▸ **PROBLEM STATEMENT**
Looking at the listing below, retype exactly the lines starting at the one containing "Appartment Maria Friedrichshafen" and ending at the one containing "The Rebels of Betrayal product image (1)", both included, and nothing else.

▸ **DATA FOR THE TASK**

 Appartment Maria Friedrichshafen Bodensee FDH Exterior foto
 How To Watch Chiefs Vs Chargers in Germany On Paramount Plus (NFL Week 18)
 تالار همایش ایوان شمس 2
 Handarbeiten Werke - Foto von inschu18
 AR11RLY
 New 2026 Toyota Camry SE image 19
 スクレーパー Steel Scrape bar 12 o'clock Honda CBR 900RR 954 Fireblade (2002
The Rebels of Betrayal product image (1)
* * *
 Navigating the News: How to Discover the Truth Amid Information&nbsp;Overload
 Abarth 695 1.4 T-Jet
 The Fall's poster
...
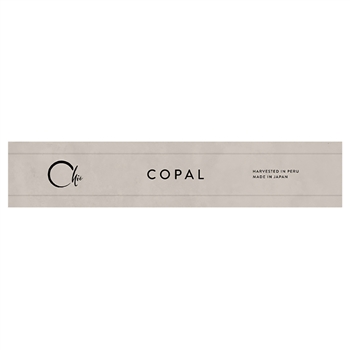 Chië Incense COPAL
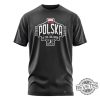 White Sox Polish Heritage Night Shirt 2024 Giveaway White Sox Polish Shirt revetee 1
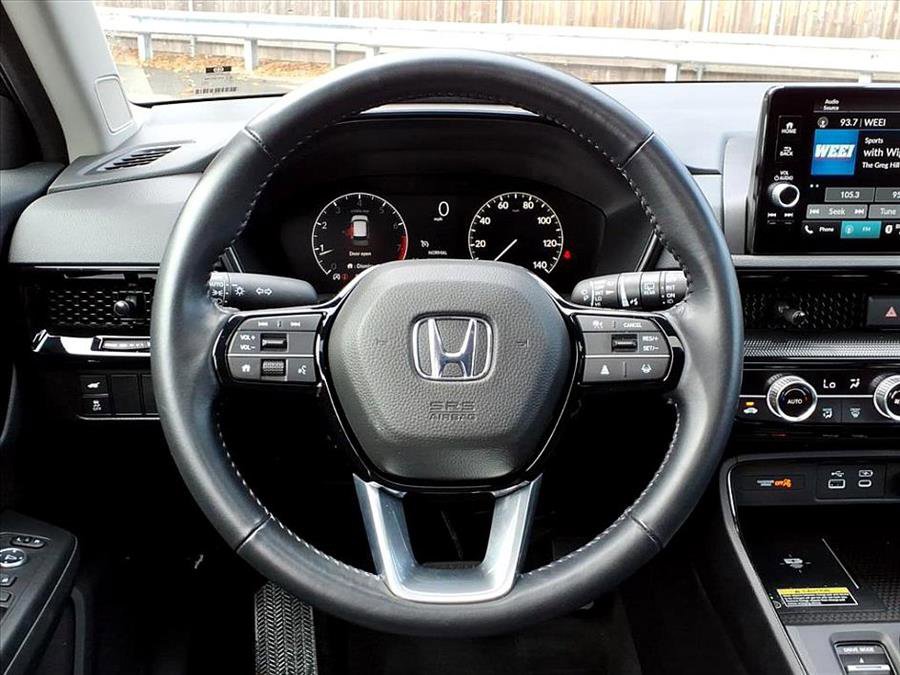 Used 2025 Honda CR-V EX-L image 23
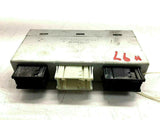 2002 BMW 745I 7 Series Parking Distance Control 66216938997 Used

▸ **EXPECTED ANSWER**
 Appartment Maria Friedrichshafen Bodensee FDH Exterior foto
 How To Watch Chiefs Vs Chargers in Germany On Paramount Plus (NFL Week 18)
 تالار همایش ایوان شمس 2
 Handarbeiten Werke - Foto von inschu18
 AR11RLY
 New 2026 Toyota Camry SE image 19
 スクレーパー Steel Scrape bar 12 o'clock Honda CBR 900RR 954 Fireblade (2002
The Rebels of Betrayal product image (1)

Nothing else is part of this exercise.